Another reason why the Bucs decided to host the Bears in London is that they desperately want to elevate their brand on a local and a national level. The Buccaneers franchise became extremely frustrated last year when the league had multiple opportunities to flex some of their December games to primetime and got snubbed. Although some home games were moved from 1:00 p.m. to 4:15 p.m. starts, Tampa Bay feels like at least one of the Falcons, Lions or Seahawks home games should have been flexed to Sunday Night Football on NBC. With potential playoff implications, even Tampa Bay's season-ending contest at New Orleans was not flexed to primetime.
Here's a key point to consider. At no time last year did the Bucs ever have a losing record. Tampa Bay started the year 1-0 after beating Cleveland, and had a winning record every week for the rest of the year. Yet the league did little to shine the spotlight on the resurging Buccaneers.
The international game in London is one of the highest-profile games on the league's schedule this year, and the Bucs are very interested in raising their profile and doing whatever they can to crack the national spotlight.
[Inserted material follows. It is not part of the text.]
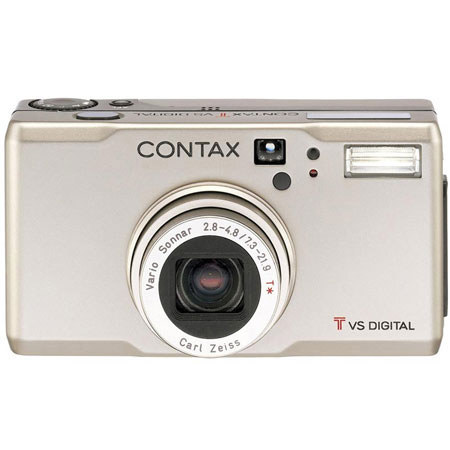 USED Contax Tvs Digital Zoom Camera, Silver Finish, 5.0 Megapixel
That's why the Bucs have been extremely open to the idea of being featured on HBO's Hard Knocks mini-series during this year's training camp. The team wants the nation to start paying attention to the young, exciting team that has been assembled in one of the NFL's smaller markets and will do whatever it can to accomplish that goal.
Bucs sources tell PewterReport.com that the team shares the frustrations of its fans that it does not get enough national coverage from outlets like ESPN, Sports Illustrated and others despite being one of 2010's feel-good stories with a surprising 10-6 record and the emergence of an NFL star in Freeman and the Bucs' high-powered offense. In just his second NFL season, Freeman completed 61.4 percent of his passes for 3,451 yards with 25 touchdowns and six interceptions and compiled a QB rating of 95.9, yet is not regularly talked about or promoted as one of the league's rising star quarterbacks.
The Bucs were pleased that their preseason opener at Kansas City on August 12 will be on a nationally televised Fox broadcast, but is bracing for only one or two primetime games in 2011 during the regular season despite a double-digit winning record last year.
And the team fears those primetime games will be on the road due to the fact that all of Tampa Bay's home games were blacked out in 2010. The Bucs hope that they receive at least one primetime home game in 2011 as that would likely increase the chances of a sellout due to the hype and electric atomosphere that comes with night games.
The final reason Tampa Bay feels comfortable surrendering a home game again to go across the Atlantic and play is because the team had a great experience in London two years ago, despite losing to the Patriots, 35-7. The London game was actually the first NFL regular season game in which Freeman saw live action, and the Bucs organization thought that the league did an exemplary job of putting on the game.
With interest in Hard Knocks and playing the Bears game in London, the young Buccaneers are looking to take advantage of any opportunity to elevate and promote their brand. The more popular the Bucs become in Tampa and across the nation and the world, the more interest there is in tickets and increasing the season ticket holder fan base.
Producing a winning team that sells out Raymond James Stadium is the stated goal for the franchise. When that happens every Bucs fan benefits because blackouts are lifted and all 16 games are on local television once again just as they were in the team's glory days.